Shares of Chinese e-commerce firm Alibaba Group Holding plunged as much as 10% in New York after it said Thursday it scrapped plans to spin off its cloud business because of uncertainties related to U.S. chip restrictions
HONG KONG — Shares of Chinese e-commerce firm Alibaba Group Holding plunged as much as 10% in New York after it said Thursday that plans to spin off its cloud business were scrapped, citing uncertainties due to U.S. chip restrictions.
Alibaba Chairman Joe Tsai said Thursday during an earnings call that a spinoff of its cloud unit “may not achieve the intended effect of shareholder value enhancement” because of U.S. export restrictions on advanced computing chips.
The company also said that it is putting on hold plans to list its supermarket chain Freshippo.
The move is a sharp reversal from its plans following a massive restructuring earlier this year which split the firm into six major businesses.
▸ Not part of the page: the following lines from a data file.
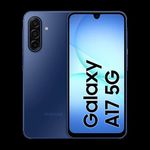 Samsung Galaxy A17 5G A176 Dual Sim 8GB RAM 256GB - Blue  [Energieklasse B] (SM-A176BZBDEUE)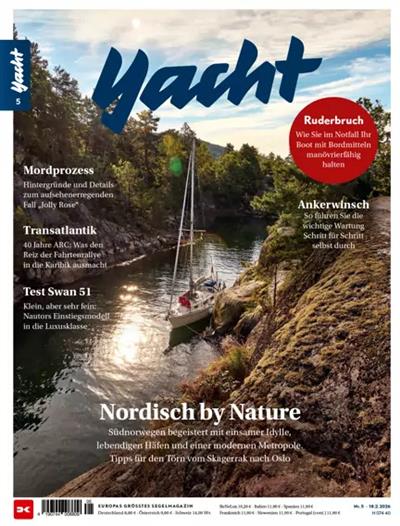 Yacht Ausgabe 2026005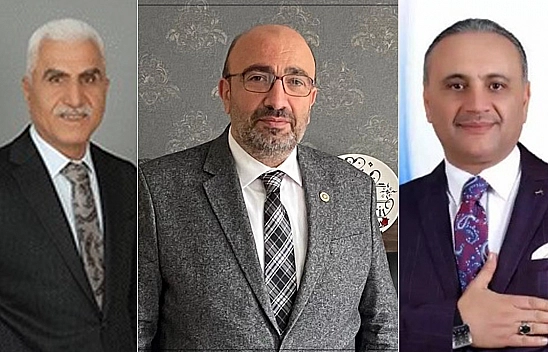 Ak Parti'de Seçimi Kaybeden Adaylardan Açıkkapı'ya Destek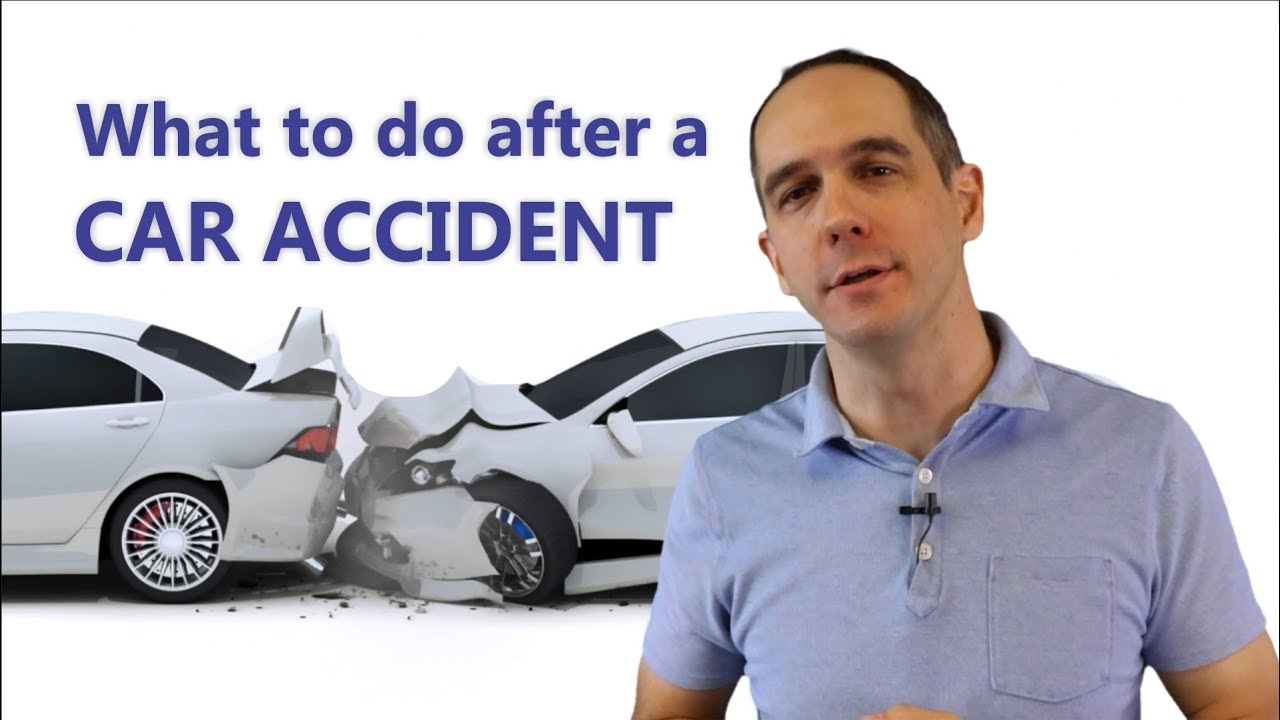 What To Do After A Car Accident (in Ontario)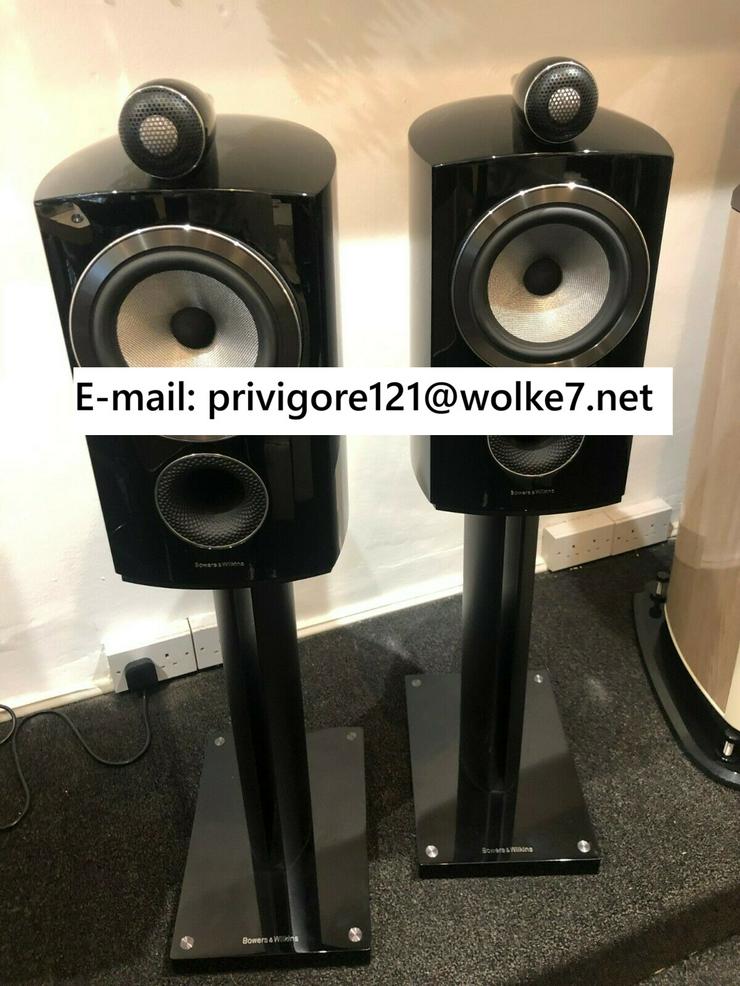 Bowers & Wilkins B&W 805 D3 ( E-mail: privigore121(AT)wolke7 .net )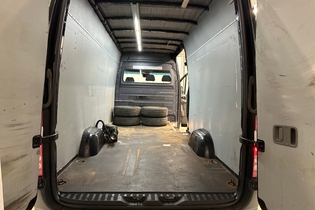 Mercedes-Benz Sprinter vaihtoauto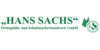Kundenlogo von "HANS SACHS" Orthopädie- und Schuhmacherhandwerk GmbH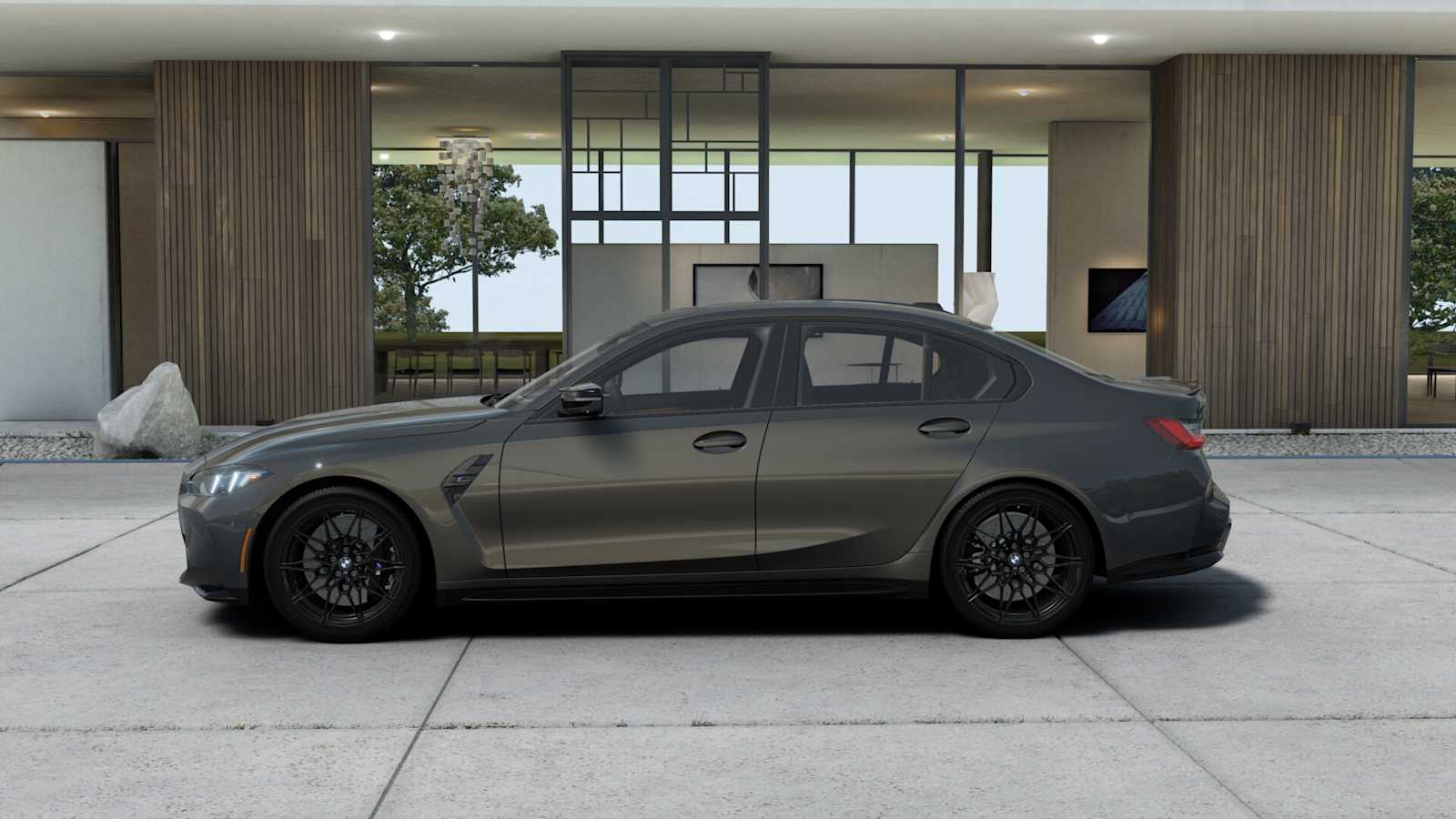 2026 Bmw M3 3 photo 2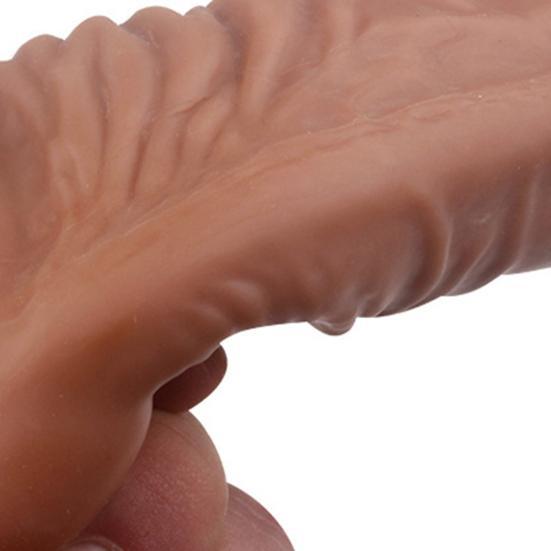 Cock Ring Safe Waterproof Solid Color Delay Ejaculation Lock Ring for Bathing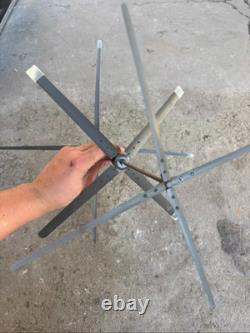 UHF VHF Satellite Antenna For PRC148 152 MBITR THALES HARRIS RADIO DEVGRU CAG
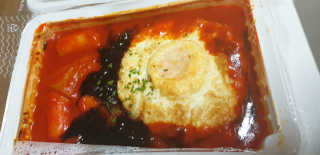 죠스떡볶이 [죠스푸드] 짜빠떡볶이+떡또그+범벅만두 신메뉴 3종 — 4점을 준 리뷰어가 2020년 4월 올린 사용 사진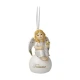 Angel bell dreams angyal porcelán   9 cm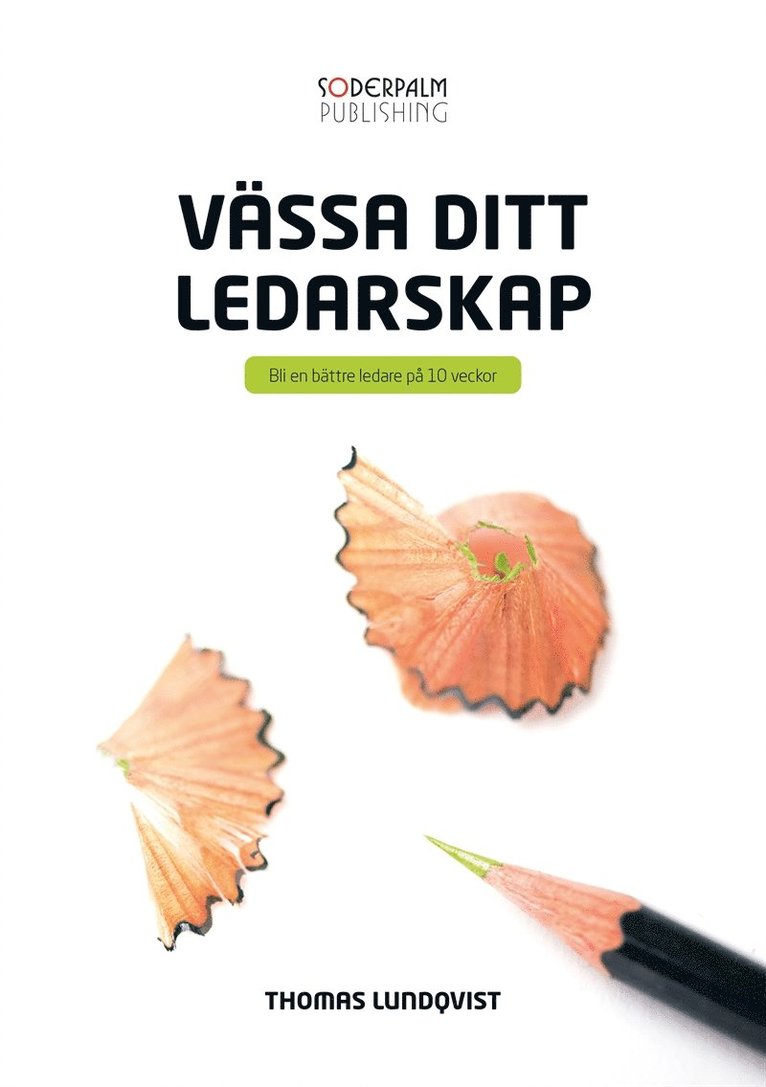 Thomas Lundqvist - Vässa ditt ledarskap, E-bok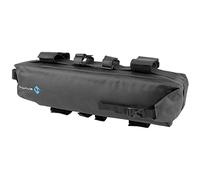 M-Wave Sacoche de cadre Rough Ride B pour batterie 7 l 590 x 85 x 130 mm Noir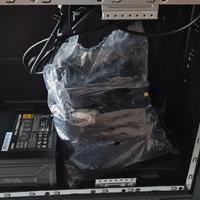 MSI CASE + MSI ALIMENTATORE MODULARE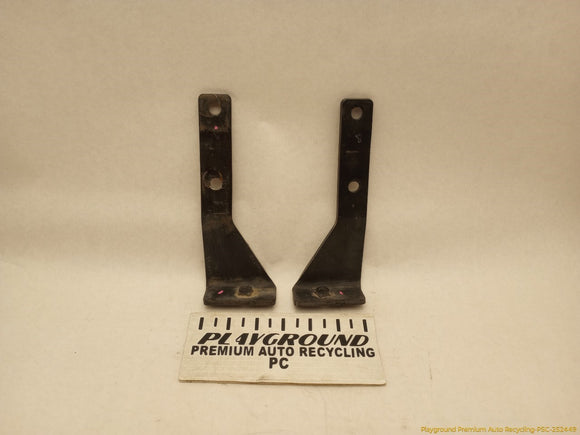 Mitsubishi Delica Front Bumper Mounting Brackets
At the time, Alibaba said that the business units would eventually be able to raise capital and go public individually as that would maximize value for shareholders.
Alibaba’s New York-listed shares were down as much as 10% following the announcement. The company’s shares have fallen over 70% from its peak in late 2020, after authorities halted the initial public offering of its financial affiliate Ant Group and increased government scrutiny of the technology industry.
Tsai said that the company will “focus on developing a sustainable growth model based on emerging AI-driven demand” for computing services.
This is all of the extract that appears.